= Ado of Vienne =

Frankish churchman and writer

Ado (died 16 December 874) was a Frankish churchman and writer. He served as the archbishop of Vienne from 850 until his death and is venerated as a saint. His writings include hagiography and historiography.

==Life==
Ado belonged to a prominent noble family. He was sent while still a child for his education, first to Sigulf, abbot of Ferrières, and then to Marcward, abbot of Prüm. After the death of Marcward in 853, Ado went to Rome where he stayed for nearly five years, and then to Ravenna, after which Remy, archbishop of Lyon, gave him the parish of Saint-Romain near Vienne. The following year he was elected archbishop of Vienne and dedicated in August or September 860, despite opposition from Girard, Count of Paris, and his wife Bertha.

Ado participated in the Council of Tousy, near Toul in Lorraine, on 22 October 860, and held a council at Vienne in 870. After his death on 16 December 876, his body was buried in the Church of the Apostles in Vienne, now called St. Peter's Church, the usual place of burial of the archbishops of Vienne. His feast day is celebrated on 16 December.

The Royal Library of Copenhagen preserves an unedited martyrology which dates back to the 11th century and comes from the Abbey of Santa Maria, Serrateix, with information on Ado of Vienne, the Rule of Saint Benedict and other abbots and monks of that time.

==Works==
Several of his letters are extant and reveal their writer as an energetic man of wide sympathies and considerable influence. Ado's principal works are a martyrology, and a chronicle, Chronicon sive Breviarium chronicorum de sex mundi aetatibus de Adamo usque ad annum 869.

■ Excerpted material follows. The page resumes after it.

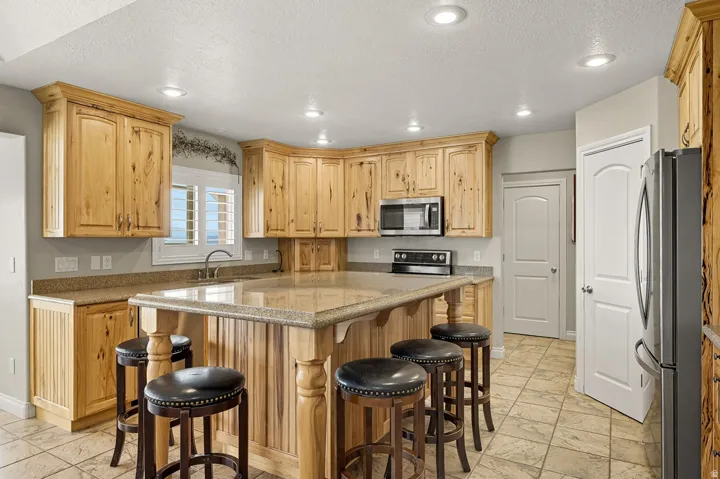 Kitchen featuring natural wood cabinetry, recessed lighting, and a large central island with seating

Ado's chronicle is based on that of Bede, with which he combines extracts from the ordinary sources, forming the whole into a consecutive narrative founded on the conception of the unity of the Roman Empire, which he traces in the succession of the emperors, Charlemagne and his heirs following immediately after Constantine VI and Irene. "It is," says Wilhelm Wattenbach, "history from the point of view of authority and preconceived opinion, which exclude any independent judgment of events."

Ado wrote also a book on the miracles of Saint Bernard, archbishop of Vienne (9th century), published in the Bollandist Acta Sanctorum; a life or martyrium of Saint Desiderius, bishop of Vienne (d. 608); and a life of Saint Theuderius of Vienne, otherwise known as Theudericus of the Dauphinê, abbot of Saint-Chef near Vienne (563).